Monday, November 20, 2017

Patrimônio desperdiçado



Pedro J. Bondaczuk



O Brasil possui as maiores reservas do Planeta de dois bens que serão sumamente escassos no próximo milênio e que portanto se tornarão bastante preciosos: água potável e madeira.

Todavia, em vez de preservar ambos, com vistas a uma posição vantajosa, internacionalmente, age-se em sentido inverso. Poluem-se mananciais, com mercúrio utilizado pelos garimpeiros e agrotóxicos usados sem controle ou critério nas fazendas. E desmata-se com uma fúria destrutiva desmedida, desperdiçando de maneira tola o que pode ser a redenção do País em curto espaço.

O princípio básico de economia, ensinado em qualquer curso superior, diz que só aquilo que é escasso é valioso. Este é o motivo do ouro ser tão procurado e o simples pedregulho não. O critério do valor de um e outro mineral é o da escassez. Quem tiver em abundância aquilo que os outros não possuírem, mas precisarem, certamente vai enriquecer. É um princípio lógico.

Mas até aqui, a questão da preservação das nossas florestas tem sido tratada com passionalismo e irresponsabilidade. Não se concebe que alguém possua determinada riqueza e no entanto viva na indigência. Só que há enorme diferença entre uso controlado e prudente e desperdício. E é isso o que o Brasil está fazendo com seus recursos naturais. Está sendo pródigo. Está desperdiçando.

Em uma tentativa de preservar esse patrimônio natural de valor inestimável o presidente Fernando Henrique Cardoso assinou, durante a semana, um pacote de preservação ambiental. A questão não é a existência ou não de lei, mas de capacidade do Estado de fazer com que ela seja cumprida. E as dimensões continentais do País, aliadas à corrupção conhecida eufemisticamente como "jeitinho", dificultam uma fiscalização eficaz. Ou a punição dos infratores.

Desde 1994, é desmatada, na Amazônia, uma área anual do tamanho do Burundi, na África: 14.896 quilômetros quadrados de madeira são retirados, sem reposição. Com isso, 11,8% da maior floresta tropical do mundo (e virtualmente a única que ainda restou, face às devastações na Ásia, notadamente na Malásia, Indonésia e Birmânia) já foram postos no chão.

Como porcentagem costuma ser ilusória, o entendimento fica mais fácil com comparações. Os 470 mil quilômetros de matas afetados são maiores do que o território da Alemanha unificada (356.957 quilômetros quadrados) e se aproxima da área da França (que é de 543.965 quilômetros quadrados).

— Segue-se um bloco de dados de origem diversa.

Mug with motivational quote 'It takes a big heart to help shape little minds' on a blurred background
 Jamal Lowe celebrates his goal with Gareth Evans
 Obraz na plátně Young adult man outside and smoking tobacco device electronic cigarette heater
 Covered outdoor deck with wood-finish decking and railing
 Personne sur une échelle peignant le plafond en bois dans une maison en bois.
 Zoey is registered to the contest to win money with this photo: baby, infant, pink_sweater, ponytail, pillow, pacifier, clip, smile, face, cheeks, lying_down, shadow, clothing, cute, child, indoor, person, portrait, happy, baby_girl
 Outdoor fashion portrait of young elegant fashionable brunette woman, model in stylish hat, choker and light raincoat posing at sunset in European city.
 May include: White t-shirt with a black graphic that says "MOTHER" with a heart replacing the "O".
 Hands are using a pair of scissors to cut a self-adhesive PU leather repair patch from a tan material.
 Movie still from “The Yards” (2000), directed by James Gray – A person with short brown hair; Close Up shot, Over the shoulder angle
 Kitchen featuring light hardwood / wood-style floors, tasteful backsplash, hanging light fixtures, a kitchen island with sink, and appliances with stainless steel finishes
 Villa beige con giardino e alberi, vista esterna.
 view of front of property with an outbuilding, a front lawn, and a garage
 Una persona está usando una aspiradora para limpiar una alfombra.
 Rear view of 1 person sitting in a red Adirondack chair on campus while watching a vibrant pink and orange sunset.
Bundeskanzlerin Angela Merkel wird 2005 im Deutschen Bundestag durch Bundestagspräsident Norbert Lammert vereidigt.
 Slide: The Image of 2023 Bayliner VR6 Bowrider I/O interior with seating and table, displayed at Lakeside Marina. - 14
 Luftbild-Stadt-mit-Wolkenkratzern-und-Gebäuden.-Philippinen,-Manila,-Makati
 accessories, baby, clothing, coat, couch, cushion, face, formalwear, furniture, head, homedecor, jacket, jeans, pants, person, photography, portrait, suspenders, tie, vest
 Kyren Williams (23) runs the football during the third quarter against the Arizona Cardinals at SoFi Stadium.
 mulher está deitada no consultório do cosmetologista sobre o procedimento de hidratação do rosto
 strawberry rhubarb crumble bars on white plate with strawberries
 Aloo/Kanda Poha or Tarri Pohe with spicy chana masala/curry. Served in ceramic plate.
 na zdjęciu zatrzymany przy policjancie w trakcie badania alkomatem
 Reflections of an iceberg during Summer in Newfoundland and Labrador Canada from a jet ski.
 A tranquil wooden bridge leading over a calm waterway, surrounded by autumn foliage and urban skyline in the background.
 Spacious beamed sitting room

E para onde vai essa madeira, da qual o chamado Primeiro Mundo é absolutamente carente? Exportada legalmente não é, já que todo esse volume não consta das pautas oficiais de exportação. É contrabandeada em boa parte. É, portanto, pilhada. E uma parcela vira fumaça, nas queimadas irresponsáveis e criminosas, que além de contribuírem para o desmatamento, calcinam a terra e enfraquecem sua fertilidade.

Os benefícios da Amazônia estão ao nosso dispor para uso e para ajudar a sanar nossa miséria. Mas não para desperdício. Mas não para favorecer contrabandistas. Mas não para a produção de desertos. É preciso que a questão preservacionista seja tratada sem retóricas demagógicas e sem ideologismos. Tem que ser encarada pelo aspecto econômico, ou seja, patrimonial. Afinal, economia é a administração da escassez. E água e madeira são cada vez mais escassas no mundo.

(Editorial número um, publicado na página 2, Opinião, do Correio Popular, em 29 de julho de 1996).